=== DATA SECTION ===

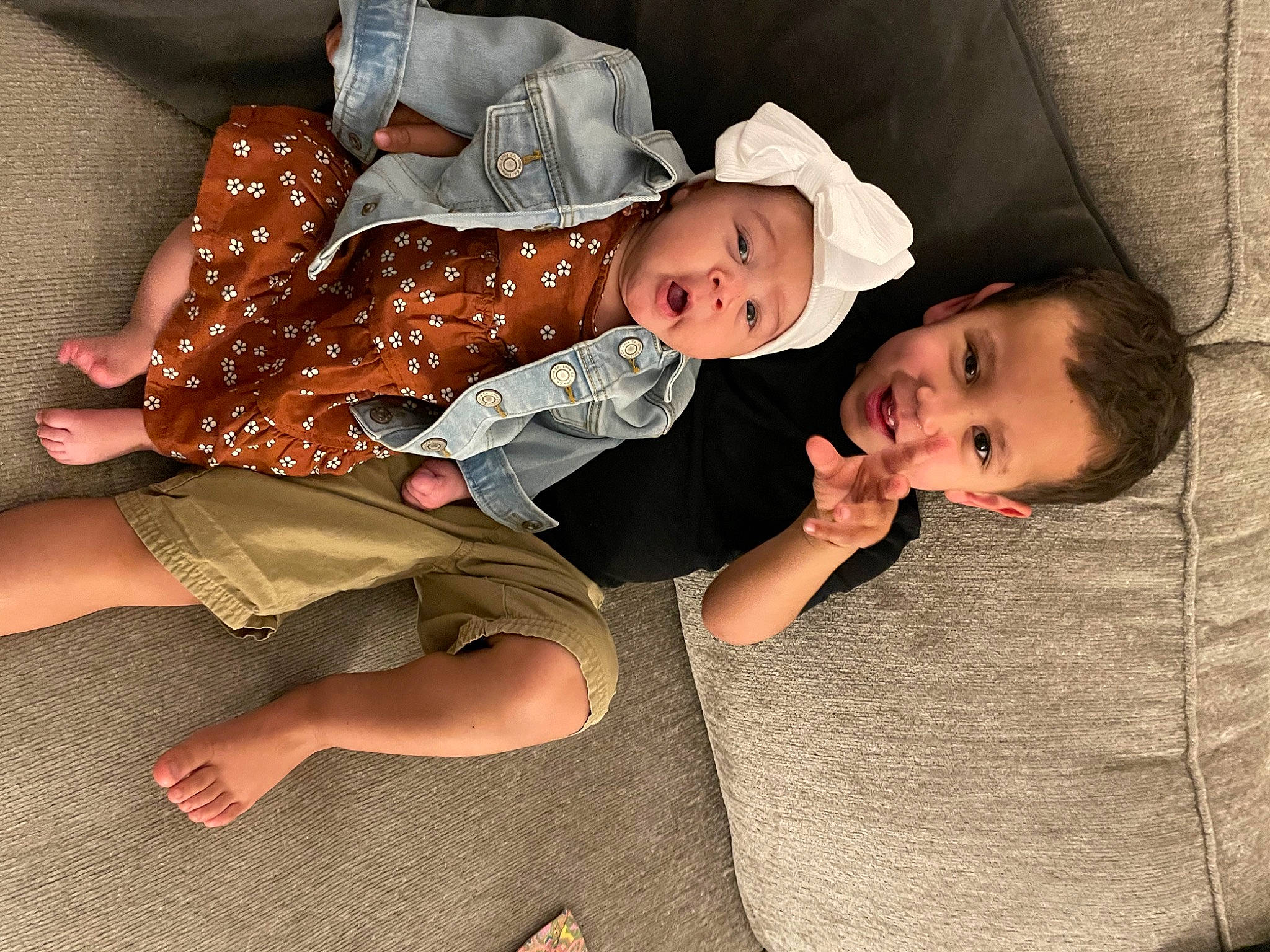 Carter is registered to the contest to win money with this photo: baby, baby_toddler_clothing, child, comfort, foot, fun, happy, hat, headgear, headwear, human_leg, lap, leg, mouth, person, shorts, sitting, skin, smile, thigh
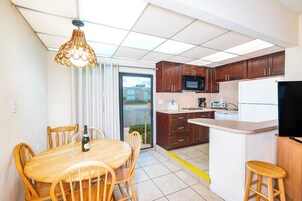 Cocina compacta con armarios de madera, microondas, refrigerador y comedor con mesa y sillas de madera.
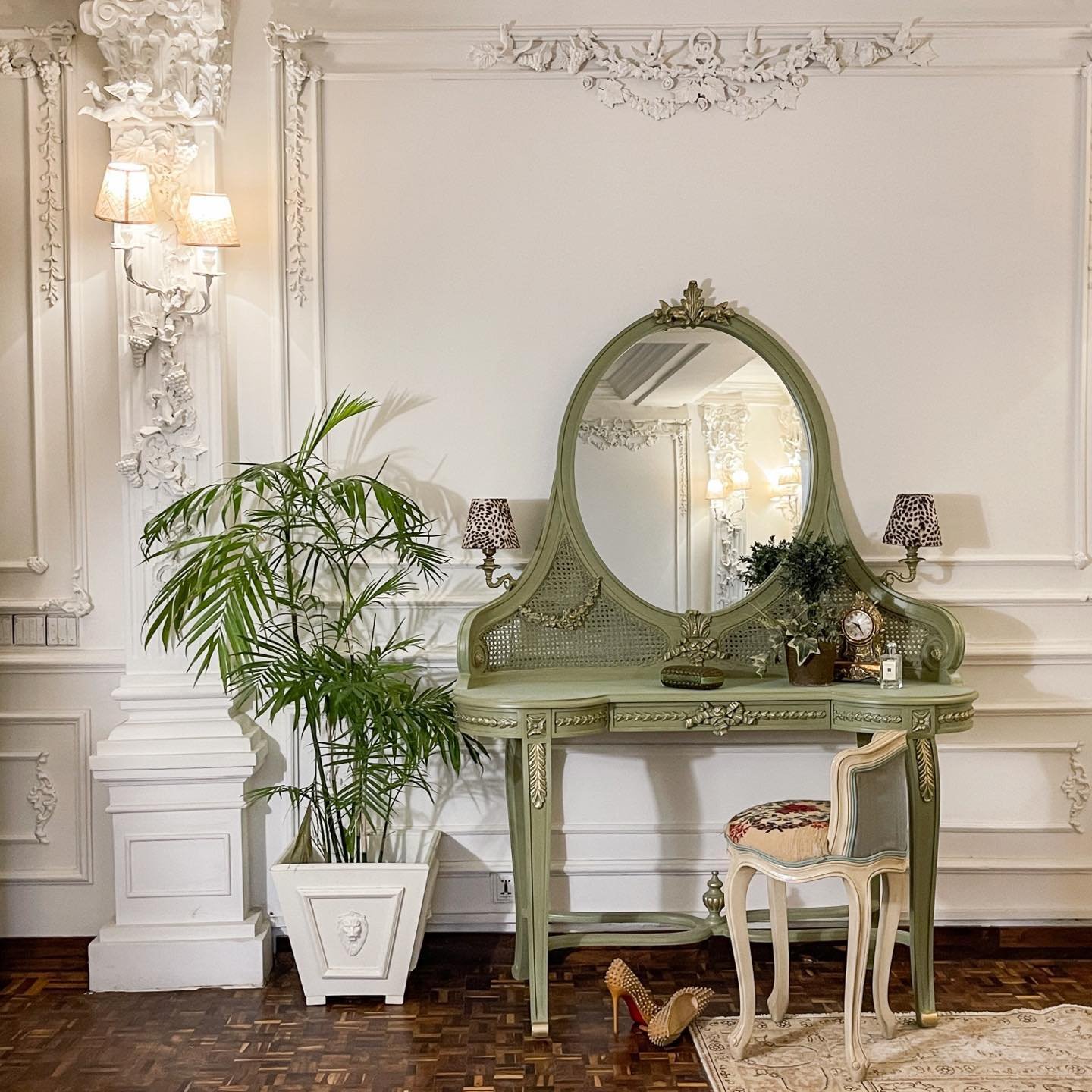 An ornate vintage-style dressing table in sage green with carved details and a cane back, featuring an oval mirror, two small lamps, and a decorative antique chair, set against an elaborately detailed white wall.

===

(WHAT IS BEING ASKED) Skip the pictures. Return exactly the lines from the one containing "Cocina compacta con" through the end of the data above, both included, and nothing besides.

(ANSWER BOX)
 Cocina compacta con armarios de madera, microondas, refrigerador y comedor con mesa y sillas de madera.
 An ornate vintage-style dressing table in sage green with carved details and a cane back, featuring an oval mirror, two small lamps, and a decorative antique chair, set against an elaborately detailed white wall.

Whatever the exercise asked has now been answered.